Well Sir Michael Wilshaw really does like to cause controversy, that much we know. But this is so controversial in a weird way I find it amusing.
Teachers should stop “moaning”, as they risk putting off potential recruits to the profession, Ofsted’s chief inspector said today.
Sir Michael Wilshaw claimed that too often the main classroom unions “endlessly list” the problems involved in teaching and “ignore its triumphs”.
By portraying teachers as “perpetual victims”, Sir Michael added, teachers’ leaders risk “infantilising” the profession, while also “depressing recruitment”.
“Far too many of those who claim to represent the profession endlessly list its problems and ignore its triumphs,” Sir Michael said. “Of course, teachers have their complaints. Of course, there are grievances. But there is a difference between a professional with a legitimate criticism and a serial complainer with another moan. One tends to be listened to; the other does not.”
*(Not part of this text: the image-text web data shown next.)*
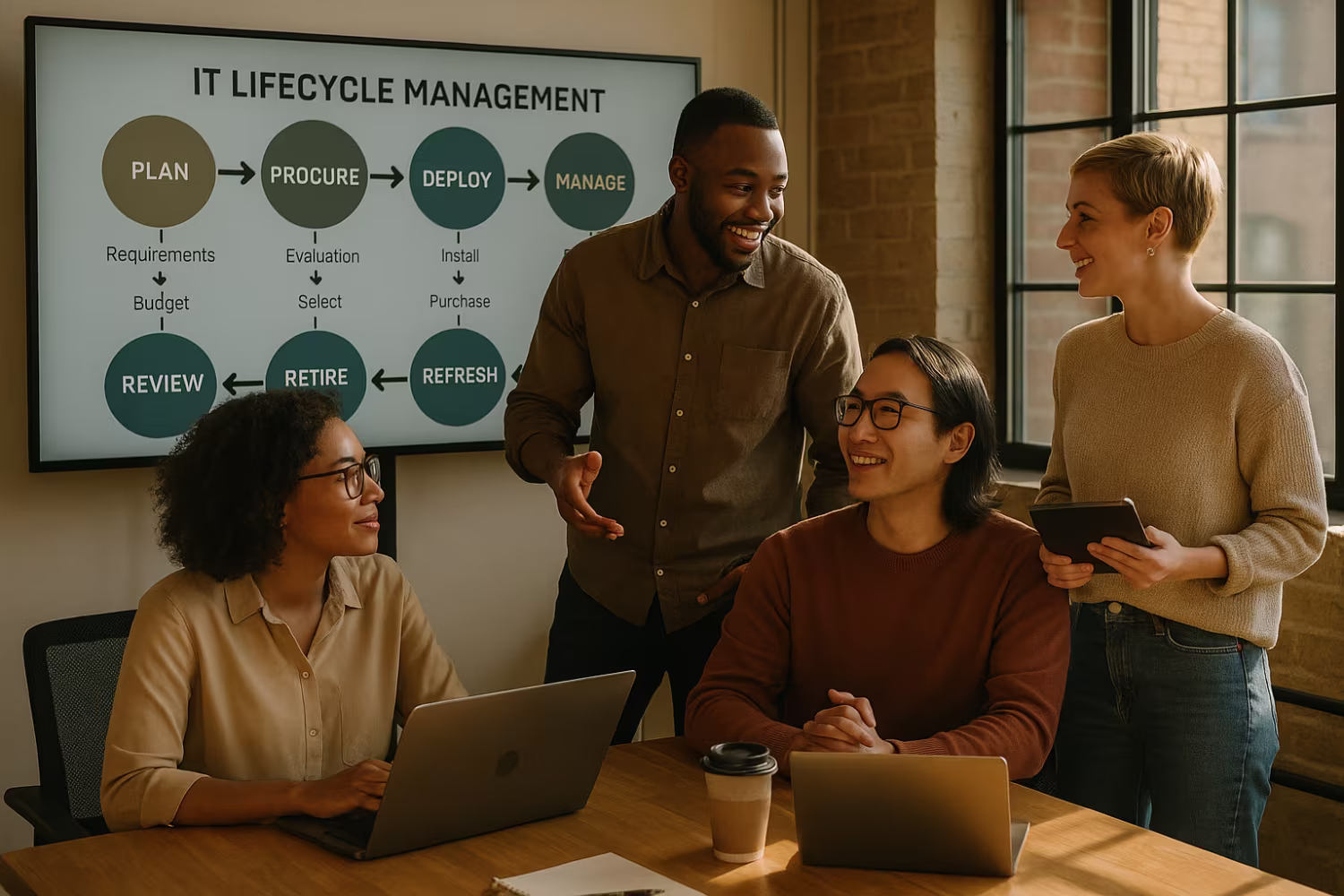 Diverse team discussing IT lifecycle management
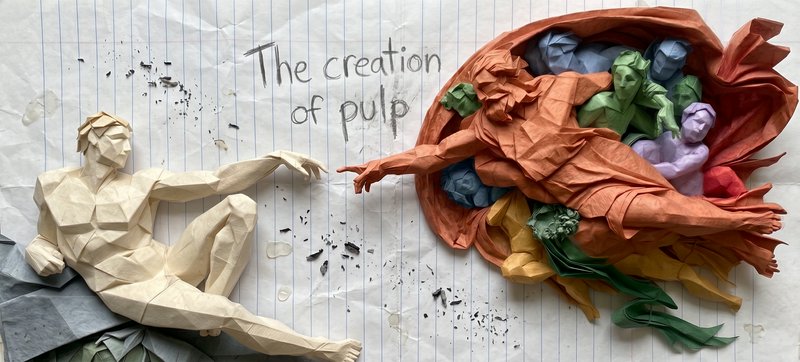 Origami parody of Michelangelo's Creation of Adam titled The Creation of Pulp on crumpled lined n...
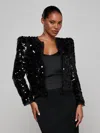 L'agence Shai Paillette Jacket In Animal Print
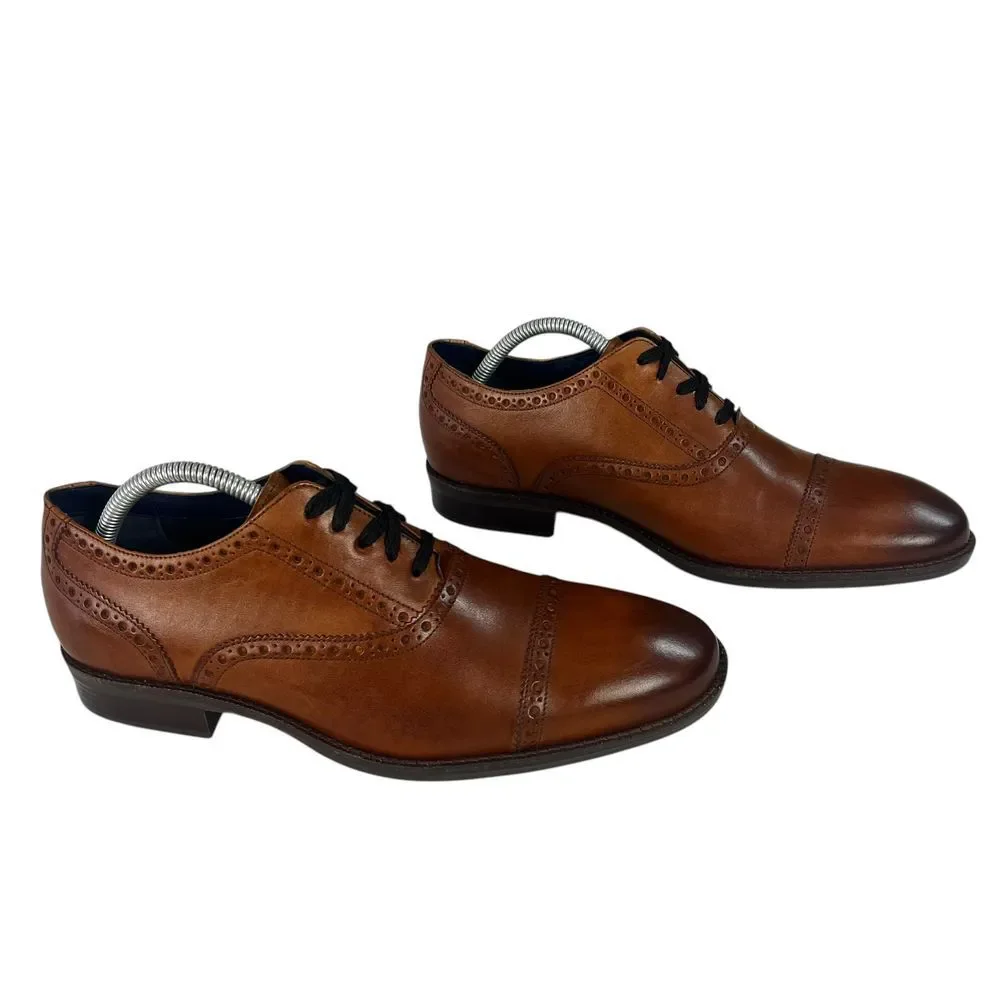 Cole Haan Ross Dustin‎ Cap Brown Leather Wingtip Oxford Shoes Mens Size 8.5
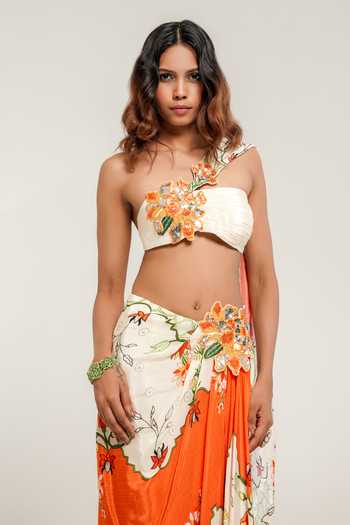 Shwetanga Apsara Printed Draped Crepe Skirt & Bustier Set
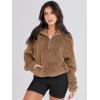 imageANRABESS Sweatshirt for Women Zip Up Hoodies Cropped Pullover Fleece Hooded Sherpa Sweaters Tops 2025 Fall Winter ClothesBrown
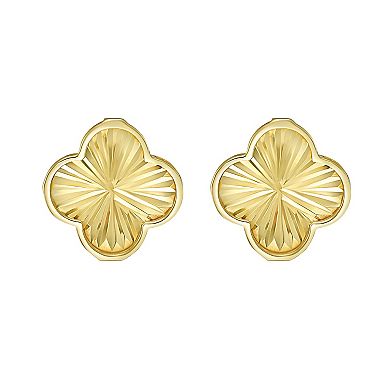 Karat Rush 14k Gold Radiating Clover Stud Earrings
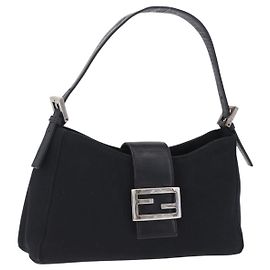 FENDI Mamma Baguette Schultertasche aus Baumwolljersey Schwarz Silber Auth 203020V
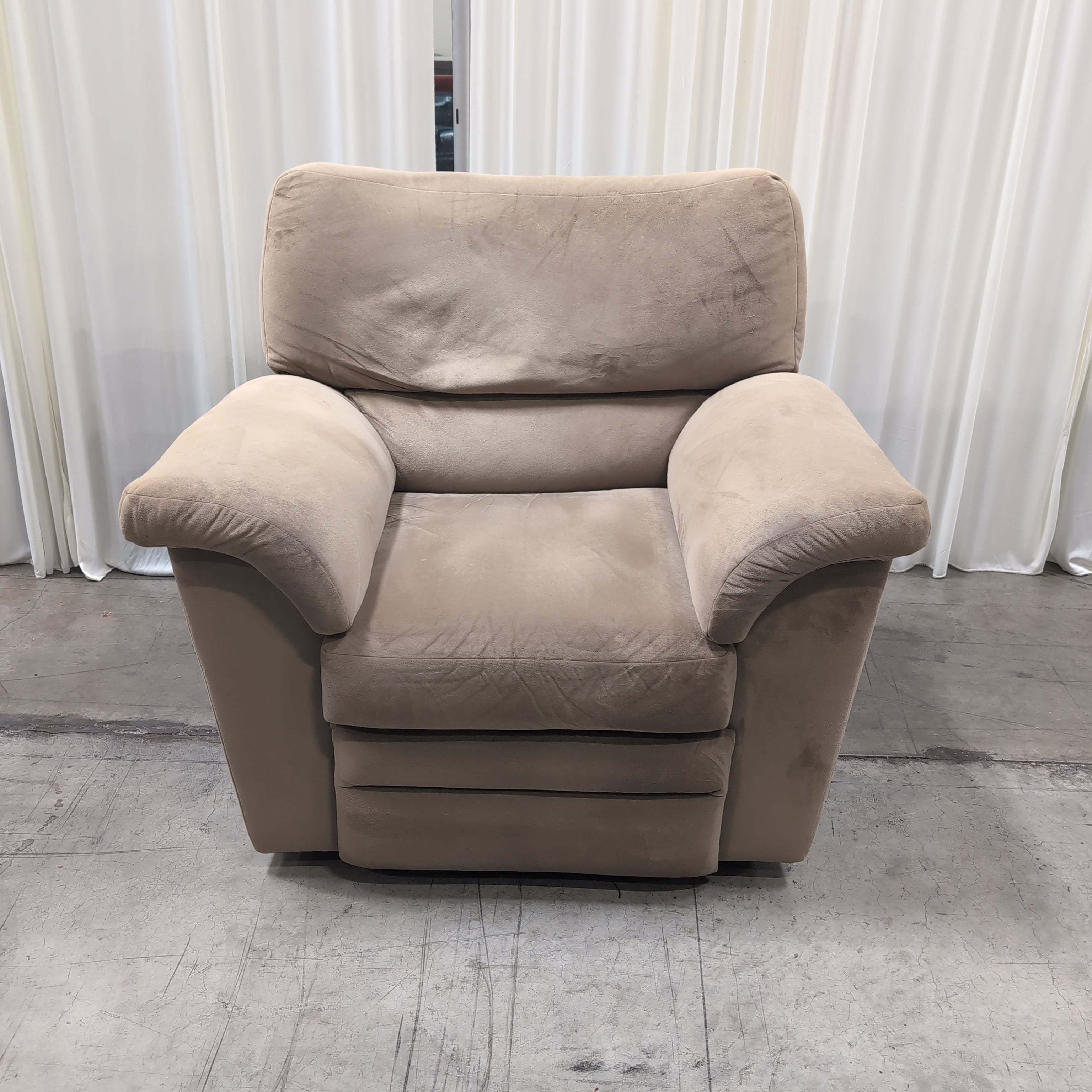 Plush Tan Microfiber Recliner with Rolled Arms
He also adds that teaching can be ‘pure magic’ and called for the workforce to celebrate it’s profession. I don’t know about anyone else but for me, this current government and Ofsted aren’t necessarily giving us a lot to celebrate about at the moment, with a new curriculum coming in and a host of new schools that don’t adhere to the National Curriculum in the first place, almost breaking down our national education system into a series of local education systems, in a similar way to the US have varying laws for differing states.
His remarks drew stinging criticism from the Association of Teachers and Lecturers (ATL), which said that the chief inspector needed to concentrate more on turning Ofsted into a more effective inspection agency.
“[Sir] Michael Wilshaw needs to stop picking fights with the teaching profession and focus on making Ofsted an inspection agency that is remotely fit for purpose,” Mary Bousted, general secretary of the ATL, said.
“What’s putting off people from entering the workforce is the fact teachers have excessive workloads, and mounting bureaucracy created by Ofsted. If anybody is undermining the profession, it is Her Majesty’s chief inspector who is too busy picking fights.”
Sir Michael was speaking at the North of England Education Conference in Nottingham, where he also questioned the quality of teacher training on offer in many universities and criticised the support given by schools to newly qualified teachers (NQTs). Too often, he said, training providers were sending NQTs into the classroom unprepared.
“It is a national scandal that we invest so much in teacher training and yet an estimated 40 per cent of new entrants leave within five years,” Sir Michael added.
The figures mean that Ofsted will be “much tougher” on training providers, as well as schools, who do not support NQTs starting out in the classroom. From September, every Section 5 inspection will seek the views of NQTs to hear how well-supported they are by their school and their training provider, which will then be reflected in the provider’s overall inspection grade.
One response to this I found particularly striking was a tweet I saw from GuardianTeach writer Mike Britland, who wrote: ‘Not a staff room moaner but why doesn’t Wilshaw look at current pay, conditions & talking down of teachers as a reason for the dropouts?’ It is no secret that teaching is a heavily underpaid profession, given how important it is to the economy and jobs market. It doesn’t help that we are relentlessly being attacked by Wilshaw, which will reduce our morale. But Wilshaw in a way does have a point. Training providers must be able to support NQTs etc, but what he said isn’t true for all providers. I would love to see him go through a current teacher training course and see how ‘unprepared’ he is after he leaves. Might be quite a shock. I would love to see him and Gove in a classroom and observe them teaching a lesson, given that they determine how our profession works.